TASK DETAILS. In the copy, every record below must appear exactly as given, and no picture may appear.
(LISTED RECORDS begins)
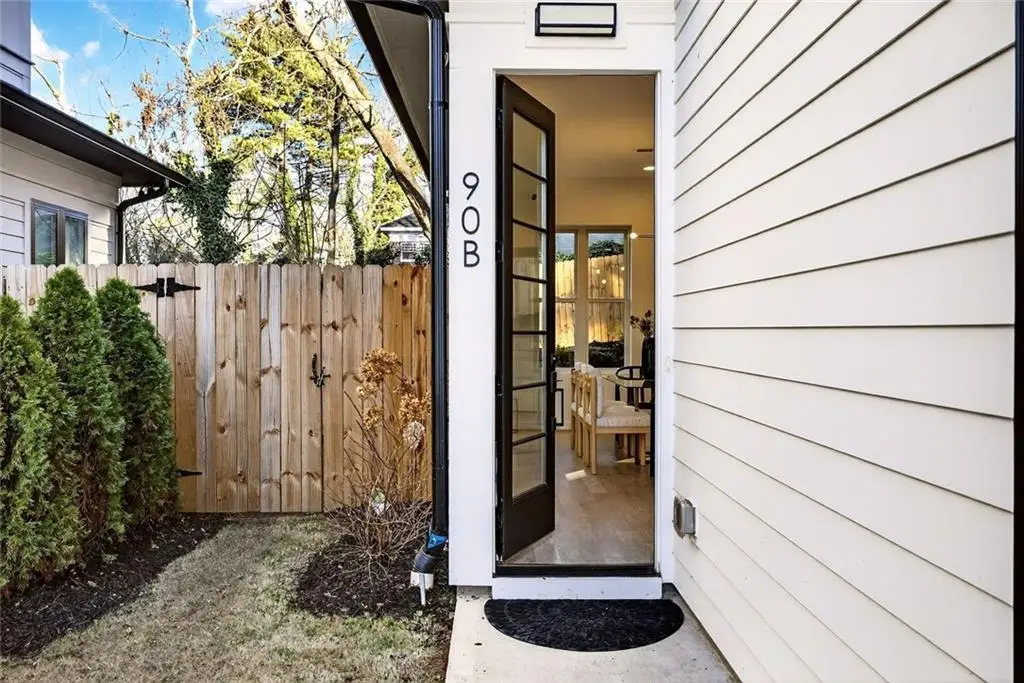 90 Cleveland Street #B, Atlanta, GA 30316 - #1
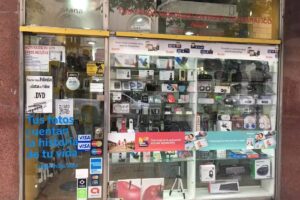 Fotograf&iacute;a Vivencias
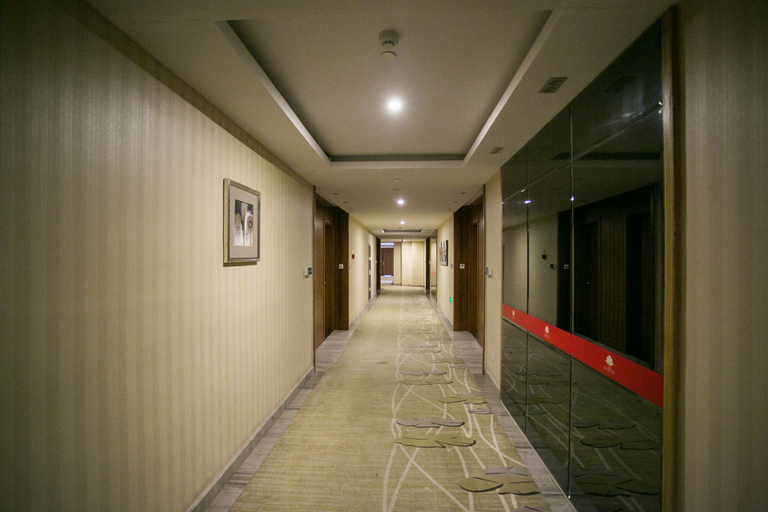 Others 3, Huiba Mingshi Hotel, Shaoxing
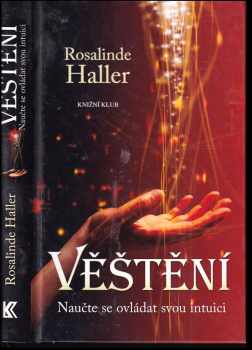 Věštění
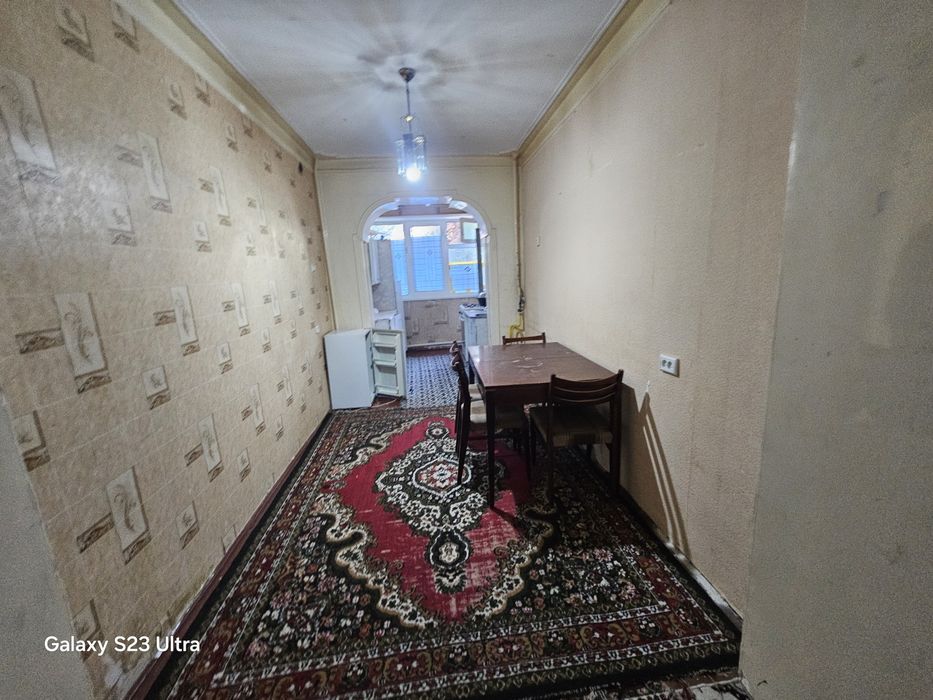 Ijaraga beriladi matalkada us salaman oldida 3 xonalik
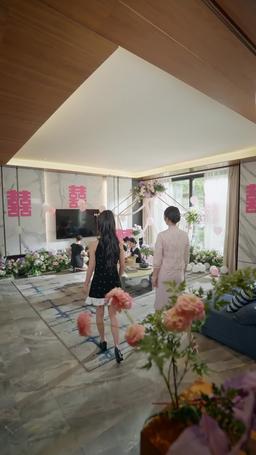 The 100-Day Bride I Married Is A Legend episode 75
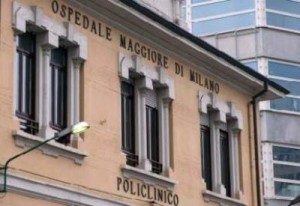 policlinico di milano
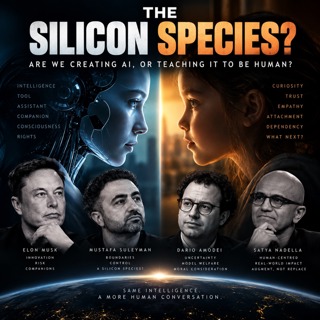 The Silicon Species?
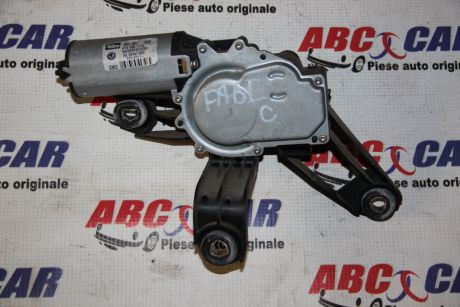 Motoras stergator luneta Skoda Fabia 1 (6Y) combi 2000-2007 6Y9955711A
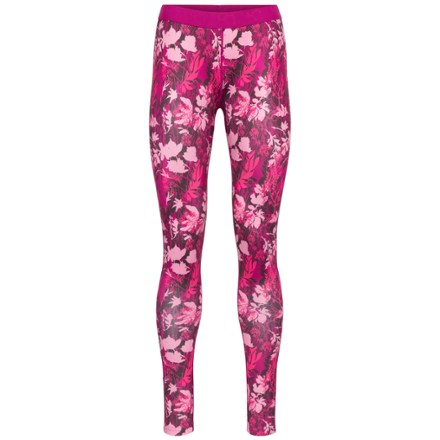 Kari Traa Women's Fryd Base Layer Pants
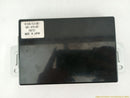Acura TSX Driver Left Front Seat Control Module-2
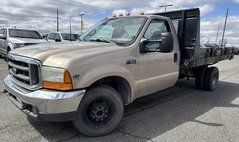 1999 Ford 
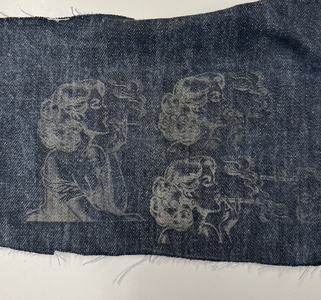 Preparing the Engraving Design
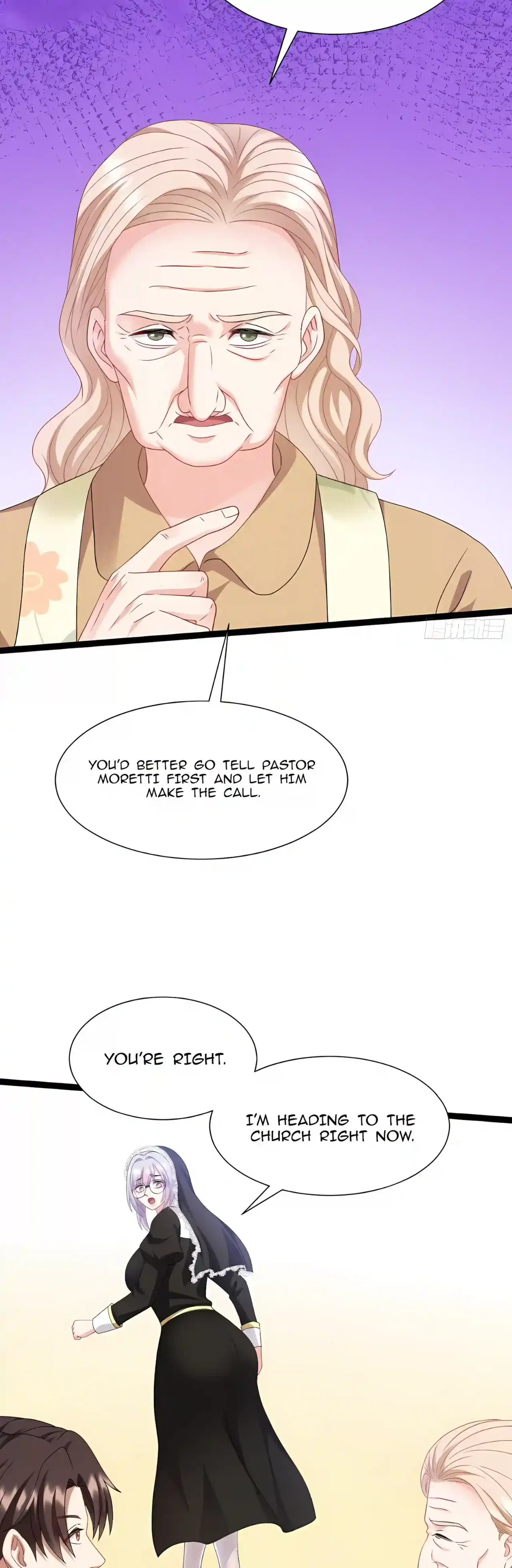 After Improperly Licking a Dog, I Became a Billionaire Chapter 340 – Page 5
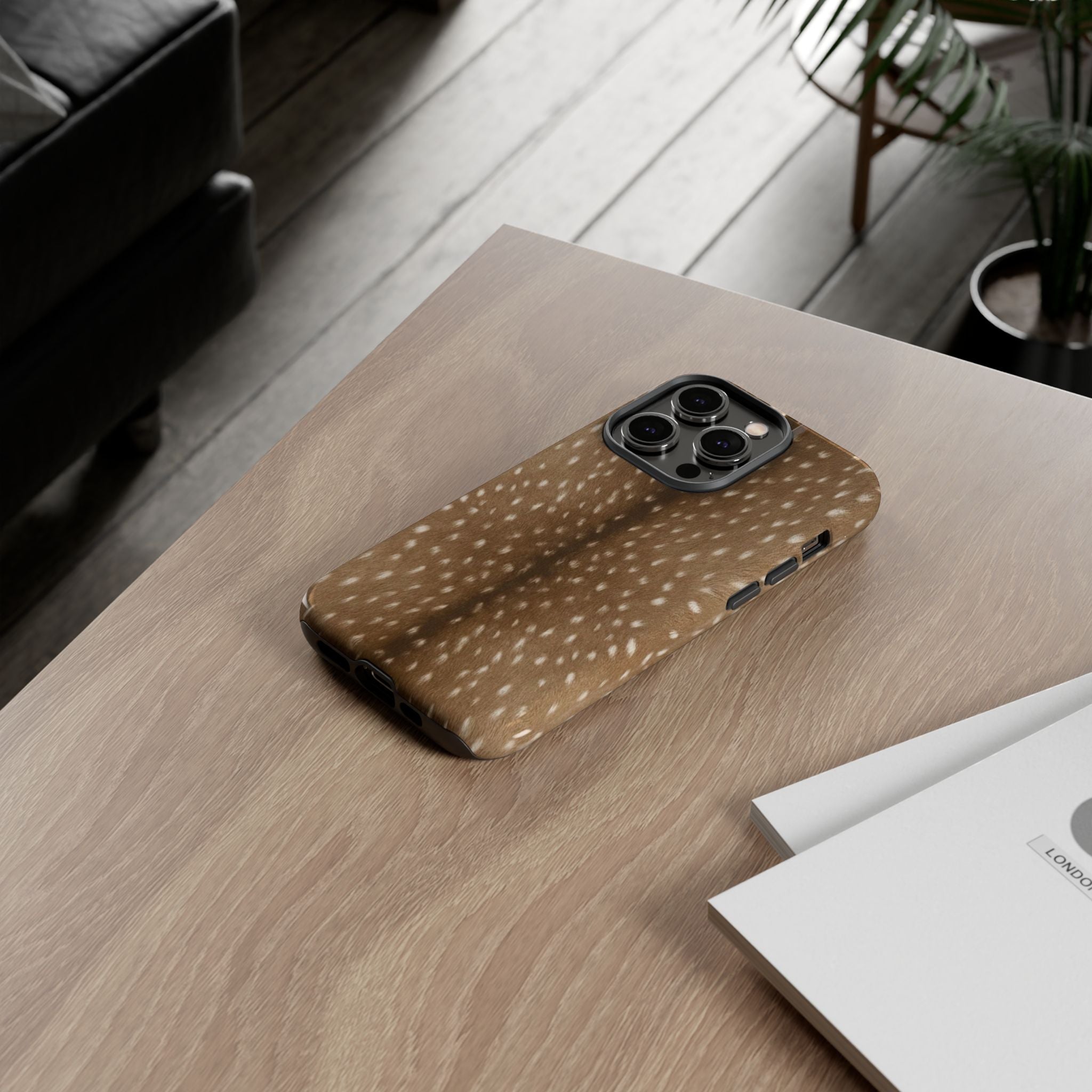 “Autumn” Phone Case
(LISTED RECORDS ends)
ANSWER FOR THE TASK.
 90 Cleveland Street #B, Atlanta, GA 30316 - #1
 Fotograf&iacute;a Vivencias
 Others 3, Huiba Mingshi Hotel, Shaoxing
 Věštění
 Ijaraga beriladi matalkada us salaman oldida 3 xonalik
 The 100-Day Bride I Married Is A Legend episode 75
 policlinico di milano
 The Silicon Species?
 Motoras stergator luneta Skoda Fabia 1 (6Y) combi 2000-2007 6Y9955711A
 Kari Traa Women's Fryd Base Layer Pants
Acura TSX Driver Left Front Seat Control Module-2
 1999 Ford 
 Preparing the Engraving Design
 After Improperly Licking a Dog, I Became a Billionaire Chapter 340 – Page 5
 “Autumn” Phone Case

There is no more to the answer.